Я обдумала его вопрос.
— Не знаю, — ответила я честно. — Ты должен дать мне чуть больше времени. — Он протянул руку через спинку дивана, и его пальцы зависли в опасной близости от задней части моей шеи. — Я рада, что осталась жива, — прошептала я, пока играла с рукавом его толстовки. — Теперь я вижу, что у меня есть много всего, ради чего стоит жить.
Я посмотрела на него краем глаза. Небольшой вздох сорвался с моих губ, когда он протянул руку и коснулся пальцами пряди моих волос. Затем медленно погладил их и замер, ожидая, что я скажу ему остановиться. А я молчала.

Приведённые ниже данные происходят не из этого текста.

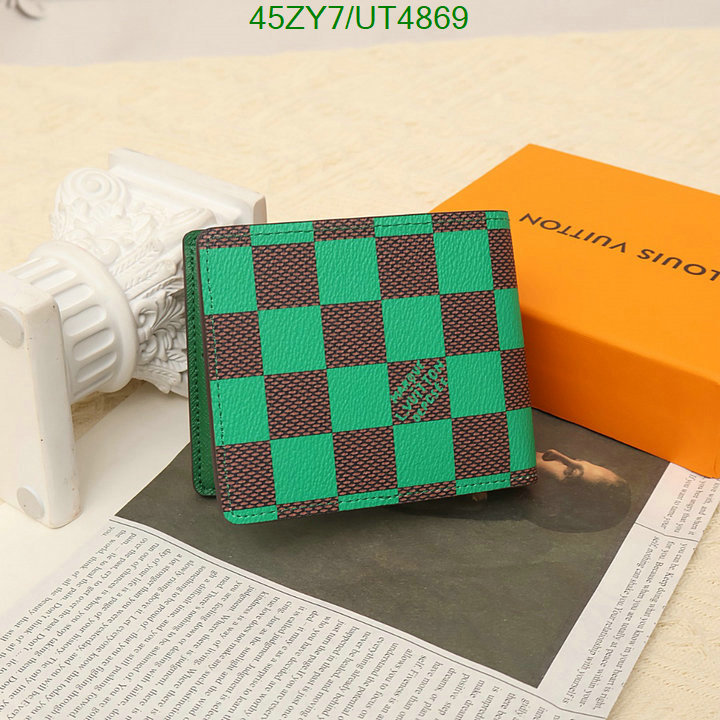 where can you buy replica DHgate Copy AAA+ Louis Vuitton Wallet LV Code: UT4869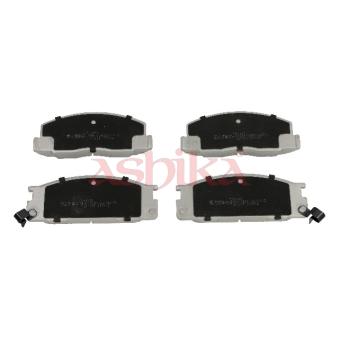 Jeu de 4 plaquettes de frein avant ASHIKA OEM 0446528230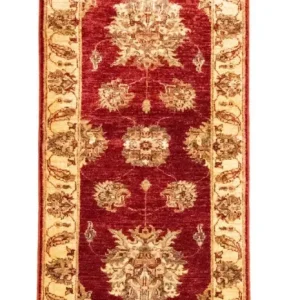 Løper Ziegler Teppe - 173 x 62 cm - rød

— Я рад, что тебе лучше. — Его голос звучал мягко и нерешительно, будто он не был уверен, что может признаться в этом вслух.
— Почему? — Я заставила свои пересохшие губы произнести эти слова.
Он пожал плечами и отвернулся в сторону. Мышцы на его челюсти напряглись. Снова встретившись с ним взглядом, я увидела уязвимость в его глазах, к которой была совершенно не готова.
— Я беспокоюсь о тебе.
Для большинства людей это были четыре обычных слова, но я не относилась к большинству, и эти слова были дороги мне.
Я прижалась поближе к Мемфису. Он, как мне показалось, весьма скептично относился к моим действиям. И, когда я прижалась к нему, выглядел по-настоящему потрясенным. Он обнял меня, и я устроила свою голову у него на груди. Я хотела этого. В этом ведь не было ничего плохого, верно?
После минутного молчания, я прохрипела:
— Он покончил с нами.
Я почувствовала, как каждый мускул в его теле напрягся от моих слов.
— Ты в порядке?
Какой глупый вопрос.
— Нет, — честно призналась я. — Я понимаю, что он многое пережил, но я... люблю его.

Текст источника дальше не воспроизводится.